BY Ryan McDougall | February 1 2019 | comments icon 0 COMMENTS     print icon print


Archbishop says we must ‘wake-up’ to homelessness crisis, as he calls for combined efforts to address the problem

Scale of Scotland's homelessness problem, which sees at least one homeless person die every month, underlined by heartbreaking story of man living on the streets who was forced to give up his pet dog to survive

A MAN living on Glasgow’s streets has told of his struggle to find support amid a hostile and drug-rife city.

Michael James Barclay, 33, has lived on the streets for the past month after his relationship of 10 years broke-down and he has struggled to find help since.

He said he has witnessed the city’s homelessness crisis grow and many safe havens for rough sleepers shut down.

“I’ve never seen it as bad as it is,” he said.

His comments come as new figures showed the shocking scale of the problem, with a two per cent rise in homelessness nationally and statistics showing that one homeless person dies each month on average in Glasgow.

The figures have prompted the Archbishop of Glasgow to call for society to wake-up to the problem and engage in a coordinated effort to tackle the issue.

Bi-annual homelessness stats released by the Scottish Government this week also revealed that there were 1,850 unsuccessful applications for temporary accommodation from April to September 2018, the majority of which were in Glasgow.



Mr Barclay, a father, lives on the streets of Glasgow with his dog Mitch, and said he has struggled to find help from charities and temporary accommodation from the council.

“They’ll say there’s no accommodation available, but there is,” Mr Barclay said.

“That’s three of my pals who have died now. One was found in a tent two weeks ago, and my friend Matthew died two years ago from the coldness.”

Mr Barclay also believes temporary accommodation is often unsafe.

“They can put people up in temporary accommodation, and that’s fair dues but there’s a lot violence and such in these places,” he said.

He added that many charities have refused him shelter because of his dog, forcing him to give up his loyal companion.
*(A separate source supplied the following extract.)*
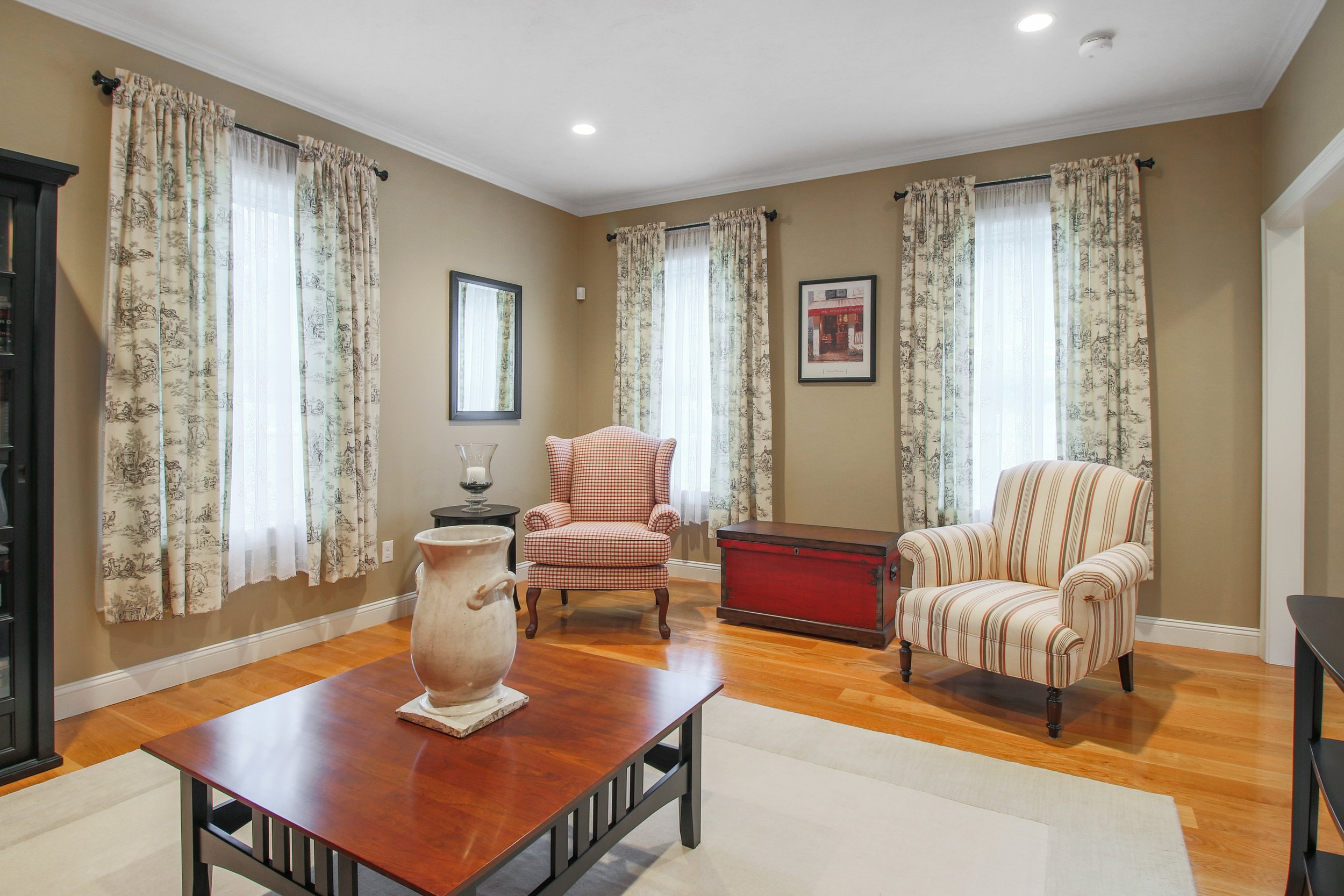 INTERIOR Meadow Wood Drive-2-27.jpg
“I’ve managed to talk my pal into taking him, so if I don’t manage to get in somewhere at least I know he’ll be all right. He’s fed more than I am—I make sure he’s eaten first before myself,” he said.

Archbishop Philip Tartaglia of Glasgow said the fact that a homeless person dies in Scotland at least once a month is ‘truly shocking’ and called for action to combat the problem.

“This should serve as a wake-up call to all of us to look out for the homeless, especially in these times of extreme cold,” he said.

“As individuals we can bring warmth to a homeless person’s spirit by engaging with them and helping them with a donation, but the wider problem can only be solved by good, joined-up policy-making between local and national government.”



As well as the cold conditions, it has been revealed that ‘street valium’ has contributed to the number of homeless deaths, and Mr Barclay believes that it and other substances are reasons why many of the city’s homeless aren’t receiving help.

“It’s murder,” he said, frustrated, believing many people deliberately become homeless in order to raise money for drugs.

He added: “Fair enough, I have a wee drink here and there, but I don’t take drugs. Some of them are into [valium] and heroin and stuff.”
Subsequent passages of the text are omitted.